Saturday, February 13, 2010

How Community Planning works in the Western Isles

Following on from my last posting about the Council's growth plans, I was contacted by a very good source and updated on the Council -v- Stornoway Port Authority battle.

You didn't know they were are war?

Nor did the SPA, until they receive a planned missive in the next few weeks.

Given the rejection of the Bayhead Infill by the SPA, the Councillors were told on Monday - in private session - that the Council is looking again at the lease of the old oil depot for car parking, and particularly the contaminated land issue.

You may recall that I highlighted this issue last month, and until the blog was read, no-one in the Council had given it any consideration. This despite having had a Contaminated Land Officer who surveyed the entire islands and reported back to the Environmental Services Committee (prop: A Nicolson) in or around 2004, flagging up that site as being a particular problem.

So the proposal is being looked at again, and the done deal is now considered undone, in light of the 'new' information that the Council knew about 6 years ago.

The SPA are to be told to acquiesce to the Bayhead Infill or the Comhairle will raise the contaminated land issue with the SPA and threaten them with having to undertake immediate and complete restitution work on any piece of contaminated land that they might control.

The carrot being that the Council will overlook what it now claims is its legal obligations over the control of contaminated land.
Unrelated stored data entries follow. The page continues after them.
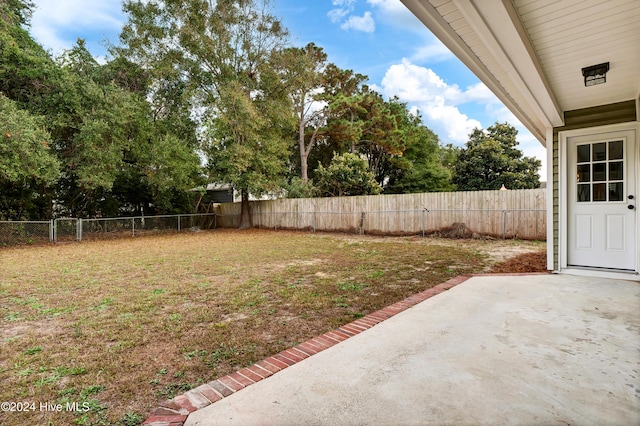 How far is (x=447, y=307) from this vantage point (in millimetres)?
3047

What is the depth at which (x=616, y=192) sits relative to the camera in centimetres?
414

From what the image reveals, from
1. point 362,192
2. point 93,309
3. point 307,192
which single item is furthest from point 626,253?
point 307,192

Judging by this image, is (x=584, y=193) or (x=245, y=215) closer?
(x=584, y=193)

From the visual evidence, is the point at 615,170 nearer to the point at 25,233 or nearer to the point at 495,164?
the point at 495,164

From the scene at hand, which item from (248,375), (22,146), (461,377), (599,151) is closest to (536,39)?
(461,377)

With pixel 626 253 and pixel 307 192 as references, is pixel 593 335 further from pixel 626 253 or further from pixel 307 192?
pixel 307 192

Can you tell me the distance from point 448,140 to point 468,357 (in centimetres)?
2849

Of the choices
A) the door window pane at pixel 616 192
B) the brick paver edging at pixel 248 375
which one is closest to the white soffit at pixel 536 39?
the door window pane at pixel 616 192

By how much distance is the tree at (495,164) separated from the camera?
52.3 feet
I am sure that there is another, much less polite, name for such an approach.

Is anyone seeing a pattern developing in the Council's dealings with third parties and those who have differing views?


Anonymous said...

I believe there is also a considerable amount of contaminated land at the Marybank Depot. This area drains surface water into the Glen River, which feeds into Bayhead- where the mud is known to be badly contaminated with oil.
Perhaps the harbour board should also contact SEPA?

Anonymous said...

The 'contaminated land' at the pier was in fact the area at the corner beside the barrier where the old filling station was located. This area was cleared when the Harbour laid lockblock for the net bins storage. The gasoil fuel depot where the cooncil have plans for car parking was capped with concrete decades ago and will be found to be uncontaminated.

Anonymous said...

Suspect that this might be the juncture where the kremlin runs out of rope. It can only be hoped.

Anonymous said...

I know one other third party who have been shunned and blocked at every turn by the Comhairle. Seems like a case of bite yer nose off to spite yer face. Councillors need to grow up, become open and practice democracy.

Captain Swing said...

Well done anon 1:11 I agree.

Democracy and Comhairle nan Eilean Siar are not words that you normally expect to see in one sentence, aside from that we don't want anybody 'practicing' democracy we want proper fully fledged joined up working democracy.

Anonymous said...

WOW YOU HEARD IT HERE FIRST - Top of the Cooncil's Contamination Worries -is wait for it -FANKS-
What idoit compiled their web- little wonder the Islands are laughing stocks- Angus Og et al

"Contaminated Land
Contaminated land is land that has been affected by substances in, on or under it that could cause harm to the end user or have a negative impact on the surrounding environment.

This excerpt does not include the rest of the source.